▶ _EXERCISE INSTRUCTIONS_:
Copy nothing but the lines below running from the line containing "Thumbnail: 2017 Jeep Renegade - 20" through the line containing "2907 Cliff Drive, Newport", both end lines included.

___ SUPPLIED MATERIAL ___

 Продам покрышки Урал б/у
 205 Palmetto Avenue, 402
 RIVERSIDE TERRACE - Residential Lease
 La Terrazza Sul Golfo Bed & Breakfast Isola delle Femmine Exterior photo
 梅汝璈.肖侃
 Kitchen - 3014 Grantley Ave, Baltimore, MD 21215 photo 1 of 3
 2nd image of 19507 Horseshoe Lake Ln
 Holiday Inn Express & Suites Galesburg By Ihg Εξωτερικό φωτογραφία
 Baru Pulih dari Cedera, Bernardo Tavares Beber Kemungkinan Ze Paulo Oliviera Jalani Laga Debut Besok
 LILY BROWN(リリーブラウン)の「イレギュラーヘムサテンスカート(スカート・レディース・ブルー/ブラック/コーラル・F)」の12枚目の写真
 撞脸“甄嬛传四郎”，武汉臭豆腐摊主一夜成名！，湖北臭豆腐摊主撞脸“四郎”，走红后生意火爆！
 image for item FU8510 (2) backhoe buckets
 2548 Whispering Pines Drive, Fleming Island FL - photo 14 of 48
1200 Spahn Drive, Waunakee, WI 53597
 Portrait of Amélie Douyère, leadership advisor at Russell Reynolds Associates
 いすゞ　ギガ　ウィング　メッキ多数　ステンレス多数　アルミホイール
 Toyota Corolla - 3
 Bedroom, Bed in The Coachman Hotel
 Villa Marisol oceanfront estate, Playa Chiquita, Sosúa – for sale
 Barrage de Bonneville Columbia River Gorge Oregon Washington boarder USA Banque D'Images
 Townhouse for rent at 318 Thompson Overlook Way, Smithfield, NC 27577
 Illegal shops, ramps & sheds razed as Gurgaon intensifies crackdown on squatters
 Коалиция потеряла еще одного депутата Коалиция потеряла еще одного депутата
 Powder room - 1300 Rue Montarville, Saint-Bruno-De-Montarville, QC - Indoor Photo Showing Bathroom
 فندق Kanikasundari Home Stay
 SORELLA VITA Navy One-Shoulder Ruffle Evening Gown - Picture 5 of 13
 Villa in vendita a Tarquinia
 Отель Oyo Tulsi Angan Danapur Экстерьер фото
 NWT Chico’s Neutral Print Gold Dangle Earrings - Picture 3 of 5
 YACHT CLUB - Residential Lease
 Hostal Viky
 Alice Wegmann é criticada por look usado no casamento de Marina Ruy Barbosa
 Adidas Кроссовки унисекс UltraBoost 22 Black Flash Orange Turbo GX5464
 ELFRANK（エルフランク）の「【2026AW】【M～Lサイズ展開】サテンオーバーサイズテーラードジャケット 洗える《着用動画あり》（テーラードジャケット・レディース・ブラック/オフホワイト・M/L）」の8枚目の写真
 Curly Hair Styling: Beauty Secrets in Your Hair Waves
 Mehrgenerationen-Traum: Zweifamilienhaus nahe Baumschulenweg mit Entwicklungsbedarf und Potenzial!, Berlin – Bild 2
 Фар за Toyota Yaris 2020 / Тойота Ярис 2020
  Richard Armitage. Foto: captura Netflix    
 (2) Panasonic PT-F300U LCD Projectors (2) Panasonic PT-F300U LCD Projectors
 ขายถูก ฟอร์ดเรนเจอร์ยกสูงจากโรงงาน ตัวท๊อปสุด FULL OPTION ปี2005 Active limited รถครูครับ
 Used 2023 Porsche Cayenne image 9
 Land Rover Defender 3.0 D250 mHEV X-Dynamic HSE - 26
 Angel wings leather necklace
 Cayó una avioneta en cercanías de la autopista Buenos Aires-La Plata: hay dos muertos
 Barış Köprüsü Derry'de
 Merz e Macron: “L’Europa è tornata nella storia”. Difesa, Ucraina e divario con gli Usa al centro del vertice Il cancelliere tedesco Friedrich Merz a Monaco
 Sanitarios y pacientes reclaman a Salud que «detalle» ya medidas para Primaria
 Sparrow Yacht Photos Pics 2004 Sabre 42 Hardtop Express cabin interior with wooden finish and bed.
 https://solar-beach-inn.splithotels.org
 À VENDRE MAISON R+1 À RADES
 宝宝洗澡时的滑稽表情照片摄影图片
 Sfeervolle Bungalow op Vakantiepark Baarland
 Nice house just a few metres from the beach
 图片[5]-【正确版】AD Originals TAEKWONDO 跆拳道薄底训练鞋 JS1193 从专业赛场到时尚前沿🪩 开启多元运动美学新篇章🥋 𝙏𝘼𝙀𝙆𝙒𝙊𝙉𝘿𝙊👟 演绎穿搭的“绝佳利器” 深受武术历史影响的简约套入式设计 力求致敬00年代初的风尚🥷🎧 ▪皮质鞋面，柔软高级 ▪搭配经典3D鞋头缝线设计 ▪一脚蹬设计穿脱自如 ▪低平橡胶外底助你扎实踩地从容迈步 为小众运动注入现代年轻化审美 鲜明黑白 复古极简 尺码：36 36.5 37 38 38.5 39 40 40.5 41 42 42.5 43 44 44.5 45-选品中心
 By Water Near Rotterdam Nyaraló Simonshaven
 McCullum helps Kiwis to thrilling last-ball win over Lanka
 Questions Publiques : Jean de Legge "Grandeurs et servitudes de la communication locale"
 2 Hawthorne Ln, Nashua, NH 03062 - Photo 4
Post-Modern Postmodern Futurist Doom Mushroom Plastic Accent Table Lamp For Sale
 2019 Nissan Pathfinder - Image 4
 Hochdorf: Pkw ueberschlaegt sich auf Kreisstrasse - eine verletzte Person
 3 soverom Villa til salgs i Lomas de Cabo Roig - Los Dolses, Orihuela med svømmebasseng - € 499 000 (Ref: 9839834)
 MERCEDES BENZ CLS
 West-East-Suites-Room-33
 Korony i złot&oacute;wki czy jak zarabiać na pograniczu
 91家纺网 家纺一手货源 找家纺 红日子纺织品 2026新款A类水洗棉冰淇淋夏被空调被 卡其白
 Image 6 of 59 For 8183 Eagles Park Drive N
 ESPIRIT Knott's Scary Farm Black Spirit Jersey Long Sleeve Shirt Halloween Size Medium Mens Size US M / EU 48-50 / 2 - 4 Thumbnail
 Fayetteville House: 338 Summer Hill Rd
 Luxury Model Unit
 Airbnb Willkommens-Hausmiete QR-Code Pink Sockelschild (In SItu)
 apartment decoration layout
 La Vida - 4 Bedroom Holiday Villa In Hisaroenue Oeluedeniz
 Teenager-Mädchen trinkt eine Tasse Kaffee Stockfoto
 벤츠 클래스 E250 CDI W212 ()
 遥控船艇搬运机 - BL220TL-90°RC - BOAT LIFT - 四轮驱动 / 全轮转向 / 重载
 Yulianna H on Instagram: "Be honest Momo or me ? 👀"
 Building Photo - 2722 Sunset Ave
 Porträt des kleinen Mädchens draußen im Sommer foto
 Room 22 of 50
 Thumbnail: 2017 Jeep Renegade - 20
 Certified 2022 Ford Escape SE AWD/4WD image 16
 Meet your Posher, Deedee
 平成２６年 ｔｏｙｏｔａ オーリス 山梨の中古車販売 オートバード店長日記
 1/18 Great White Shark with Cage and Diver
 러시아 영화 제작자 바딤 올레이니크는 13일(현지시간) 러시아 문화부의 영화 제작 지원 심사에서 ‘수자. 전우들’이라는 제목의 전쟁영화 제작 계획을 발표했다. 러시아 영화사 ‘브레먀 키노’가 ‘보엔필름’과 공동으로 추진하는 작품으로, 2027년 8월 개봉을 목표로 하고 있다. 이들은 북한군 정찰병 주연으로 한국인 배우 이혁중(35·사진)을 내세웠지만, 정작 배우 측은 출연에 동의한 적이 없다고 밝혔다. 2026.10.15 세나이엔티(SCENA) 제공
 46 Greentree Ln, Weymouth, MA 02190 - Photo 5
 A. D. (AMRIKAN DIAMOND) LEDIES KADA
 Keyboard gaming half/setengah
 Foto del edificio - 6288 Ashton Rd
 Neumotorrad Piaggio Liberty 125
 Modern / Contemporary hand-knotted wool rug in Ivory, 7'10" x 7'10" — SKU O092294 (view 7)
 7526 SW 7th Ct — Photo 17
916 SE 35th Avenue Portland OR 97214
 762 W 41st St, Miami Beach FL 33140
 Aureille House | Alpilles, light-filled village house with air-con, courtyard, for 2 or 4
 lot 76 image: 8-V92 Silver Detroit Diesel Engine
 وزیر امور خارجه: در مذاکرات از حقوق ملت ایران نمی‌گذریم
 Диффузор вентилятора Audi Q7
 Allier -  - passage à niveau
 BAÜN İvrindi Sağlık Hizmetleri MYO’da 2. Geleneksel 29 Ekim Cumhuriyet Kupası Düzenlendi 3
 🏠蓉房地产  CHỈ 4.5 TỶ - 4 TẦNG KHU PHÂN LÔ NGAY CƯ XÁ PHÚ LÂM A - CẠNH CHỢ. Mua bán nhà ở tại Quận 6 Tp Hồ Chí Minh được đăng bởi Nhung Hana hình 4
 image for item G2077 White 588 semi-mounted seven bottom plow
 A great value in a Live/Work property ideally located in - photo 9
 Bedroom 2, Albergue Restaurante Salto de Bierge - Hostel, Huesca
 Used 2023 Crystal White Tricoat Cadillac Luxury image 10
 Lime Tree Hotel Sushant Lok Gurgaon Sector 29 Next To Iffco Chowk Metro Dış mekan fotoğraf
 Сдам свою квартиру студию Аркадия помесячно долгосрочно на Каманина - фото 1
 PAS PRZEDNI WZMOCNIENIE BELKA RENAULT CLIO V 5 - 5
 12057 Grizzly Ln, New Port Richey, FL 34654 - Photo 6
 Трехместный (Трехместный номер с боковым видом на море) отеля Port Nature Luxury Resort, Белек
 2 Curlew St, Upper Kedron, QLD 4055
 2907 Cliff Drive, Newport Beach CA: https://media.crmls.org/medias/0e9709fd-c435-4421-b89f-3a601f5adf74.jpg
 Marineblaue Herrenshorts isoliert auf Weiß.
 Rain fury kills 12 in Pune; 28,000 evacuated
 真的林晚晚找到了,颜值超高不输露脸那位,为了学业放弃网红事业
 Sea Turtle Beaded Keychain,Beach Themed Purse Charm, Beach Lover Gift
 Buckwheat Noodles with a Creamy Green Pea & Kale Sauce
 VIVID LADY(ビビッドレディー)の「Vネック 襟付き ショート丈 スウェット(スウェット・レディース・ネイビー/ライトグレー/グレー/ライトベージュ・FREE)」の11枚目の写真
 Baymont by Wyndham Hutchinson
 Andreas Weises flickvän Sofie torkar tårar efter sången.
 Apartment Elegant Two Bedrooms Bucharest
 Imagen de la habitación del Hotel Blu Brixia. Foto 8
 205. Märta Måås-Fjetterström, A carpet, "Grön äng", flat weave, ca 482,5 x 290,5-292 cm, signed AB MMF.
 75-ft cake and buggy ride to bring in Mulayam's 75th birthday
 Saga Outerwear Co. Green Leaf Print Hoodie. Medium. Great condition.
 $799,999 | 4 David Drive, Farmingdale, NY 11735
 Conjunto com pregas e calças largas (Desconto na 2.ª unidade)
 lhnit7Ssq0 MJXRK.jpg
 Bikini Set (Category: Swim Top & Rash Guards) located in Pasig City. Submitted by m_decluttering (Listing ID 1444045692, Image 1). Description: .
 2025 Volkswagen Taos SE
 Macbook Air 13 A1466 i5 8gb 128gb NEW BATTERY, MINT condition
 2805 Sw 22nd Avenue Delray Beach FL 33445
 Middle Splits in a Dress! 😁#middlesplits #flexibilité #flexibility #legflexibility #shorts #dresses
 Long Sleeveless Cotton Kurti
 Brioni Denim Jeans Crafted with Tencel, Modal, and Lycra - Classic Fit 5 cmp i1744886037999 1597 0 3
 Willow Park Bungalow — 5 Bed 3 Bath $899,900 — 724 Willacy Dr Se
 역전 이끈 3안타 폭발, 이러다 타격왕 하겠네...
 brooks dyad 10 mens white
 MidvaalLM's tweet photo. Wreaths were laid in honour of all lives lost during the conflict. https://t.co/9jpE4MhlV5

___

▶ _SOLUTION TO THIS TASK_:
 Thumbnail: 2017 Jeep Renegade - 20
 Certified 2022 Ford Escape SE AWD/4WD image 16
 Meet your Posher, Deedee
 平成２６年 ｔｏｙｏｔａ オーリス 山梨の中古車販売 オートバード店長日記
 1/18 Great White Shark with Cage and Diver
 러시아 영화 제작자 바딤 올레이니크는 13일(현지시간) 러시아 문화부의 영화 제작 지원 심사에서 ‘수자. 전우들’이라는 제목의 전쟁영화 제작 계획을 발표했다. 러시아 영화사 ‘브레먀 키노’가 ‘보엔필름’과 공동으로 추진하는 작품으로, 2027년 8월 개봉을 목표로 하고 있다. 이들은 북한군 정찰병 주연으로 한국인 배우 이혁중(35·사진)을 내세웠지만, 정작 배우 측은 출연에 동의한 적이 없다고 밝혔다. 2026.10.15 세나이엔티(SCENA) 제공
 46 Greentree Ln, Weymouth, MA 02190 - Photo 5
 A. D. (AMRIKAN DIAMOND) LEDIES KADA
 Keyboard gaming half/setengah
 Foto del edificio - 6288 Ashton Rd
 Neumotorrad Piaggio Liberty 125
 Modern / Contemporary hand-knotted wool rug in Ivory, 7'10" x 7'10" — SKU O092294 (view 7)
 7526 SW 7th Ct — Photo 17
916 SE 35th Avenue Portland OR 97214
 762 W 41st St, Miami Beach FL 33140
 Aureille House | Alpilles, light-filled village house with air-con, courtyard, for 2 or 4
 lot 76 image: 8-V92 Silver Detroit Diesel Engine
 وزیر امور خارجه: در مذاکرات از حقوق ملت ایران نمی‌گذریم
 Диффузор вентилятора Audi Q7
 Allier -  - passage à niveau
 BAÜN İvrindi Sağlık Hizmetleri MYO’da 2. Geleneksel 29 Ekim Cumhuriyet Kupası Düzenlendi 3
 🏠蓉房地产  CHỈ 4.5 TỶ - 4 TẦNG KHU PHÂN LÔ NGAY CƯ XÁ PHÚ LÂM A - CẠNH CHỢ. Mua bán nhà ở tại Quận 6 Tp Hồ Chí Minh được đăng bởi Nhung Hana hình 4
 image for item G2077 White 588 semi-mounted seven bottom plow
 A great value in a Live/Work property ideally located in - photo 9
 Bedroom 2, Albergue Restaurante Salto de Bierge - Hostel, Huesca
 Used 2023 Crystal White Tricoat Cadillac Luxury image 10
 Lime Tree Hotel Sushant Lok Gurgaon Sector 29 Next To Iffco Chowk Metro Dış mekan fotoğraf
 Сдам свою квартиру студию Аркадия помесячно долгосрочно на Каманина - фото 1
 PAS PRZEDNI WZMOCNIENIE BELKA RENAULT CLIO V 5 - 5
 12057 Grizzly Ln, New Port Richey, FL 34654 - Photo 6
 Трехместный (Трехместный номер с боковым видом на море) отеля Port Nature Luxury Resort, Белек
 2 Curlew St, Upper Kedron, QLD 4055
 2907 Cliff Drive, Newport Beach CA: https://media.crmls.org/medias/0e9709fd-c435-4421-b89f-3a601f5adf74.jpg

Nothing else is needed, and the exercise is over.